Christopher Vassallo
When Xi Jinping became China’s president in 2012, he feared the party he led was neglecting history. The situation was so dire that it could spell the Chinese Communist Party’s (CCP) ruin.
Within the first months of Xi’s tenure, he was warning in public speeches of the dangers of “historical nihilism”—party-speak for the neglect of history. “Historical nihilism” was a primary cause of the collapse of the Soviet Union, a fellow communist party-state. “There was a complete denial of Soviet history, denial of Lenin, denial of Stalin, pursuit of historical nihilism,” he explained in a leaked speech to Party officials. “The great Soviet socialist nation fell to pieces.”
This fear explains Xi’s efforts this past year to elevate party history to a pride of place it has only been granted twice before in the hundred-year history of the CCP. The first “Historical Resolution” came under Mao Zedong in 1945; the second under Deng Xiaoping in 1981. This third resolution marks a third revolution.
To Xi, the danger of “historical nihilism” remains a pressing concern. And the phrase has found its way into many of the party’s most authoritative documents ever since.
To combat this danger, Xi considers teaching the past a key mechanism for avoiding the Soviets’ fate.
So far this year, to address the risk of “historical nihilism,” Xi has launched a formal Party History Study Campaign—the largest ideological indoctrination effort since Mao’s time—overseen the release of a new 531-page history of the Communist Party, and put forward this landmark “Historical Resolution” last month at the party’s Sixth Plenum.

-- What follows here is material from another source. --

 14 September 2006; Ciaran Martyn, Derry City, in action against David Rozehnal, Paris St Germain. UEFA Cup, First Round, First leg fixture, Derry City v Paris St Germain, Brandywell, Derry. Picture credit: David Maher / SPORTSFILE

Of these three projects, the November historical resolution, titled, “Resolution of the Central Committee of the Chinese Communist Party on the Major Achievements and Historical Experiences of the Party’s Hundred-Year Struggle,” is Xi’s most consequential move to counteract the forces of “historical nihilism.”
The seventy-page historical resolution can be roughly divided into thirds: the first third is official history, the second third is policy proposal, and the final third is party propaganda.
Analysts, including Jagannath Panda in these pages, have rightfully devoted much attention to the resolution, contributing essential background and savvy predictions. Their commentary has tended to pay more attention to the resolution’s policy proposals than the historical reassessment.
“It is a forward-looking document, more about creating history than summarizing it,” writes one respected China watcher. “The idea of looking back is to look ahead to the struggle of the future,” adds another. “It is not really a resolution about past history, but a resolution about future leadership,” explains the New York Times.
As a result, many analysts’ commentary has focused on what the text of the resolution signals about the longevity of various Chinese policy initiatives such as “common prosperity” and the Belt and Road Initiative. The party history portion is wrongly treated as context rather than core content.
The two prior “historical resolutions” to appear in the party’s hundred-year history are not written in the style of narrative history; they are more narrowly theoretical documents, meant to buttress each leader’s standing in life-or-death bouts of party infighting. Mao used his resolution to silence rivals. Deng used his to emerge from Mao’s shadow. Xi, meanwhile, seems to be telling history for its own sake.
With no obvious rivals, there might seem to be no need to dedicate a precious plenum session to a new historical resolution. But in Xi’s mind, retelling party history is still a necessity—if not for personal political supremacy, then for the survival of the regime more broadly.
This sense of urgency becomes clear through the specific choice of historical reference points invoked in the resolution. Tellingly, a line about the “demise of the Soviet Union” sits in the same paragraph as an allusion to the party’s 1989 Tiananmen Square crackdown, and a direct causative link is implied between the two, demonstrating just how catastrophic the collapse of Communist rule in Moscow is considered in Beijing. More than that, too, it points to real and current anxieties about the vital need to remember history in order to prevent another Tiananmen-scale threat to the CCP today.
Constantly retelling Party history—or, in Xi’s words, working vigilantly to prevent “historical nihilism”—is one of the primary lessons current Chinese leadership has taken from the crumbling of the Soviet Union, which Xi and his compatriots ascribe to the cadres’ break with Vladimir Lenin and Josef Stalin and general abandonment of the Soviet Communist Party’s past. This new resolution, then, with its nod to Soviet history within the telling of CCP history, is a practical mechanism for avoiding a similar fate.
More and more, the construction and utilization of historical narrative is becoming a central policy prescription in Xi’s China because forgetting history is remembered as such a destructive act in Soviet Russia. In this way, the issuing of this new resolution marks the beginning, rather than the end, of this project; As the Twentieth Party Congress approaches and Xi’s effective coronation as leader for life looms, the telling of Soviet history will only get more urgent and its lessons direr.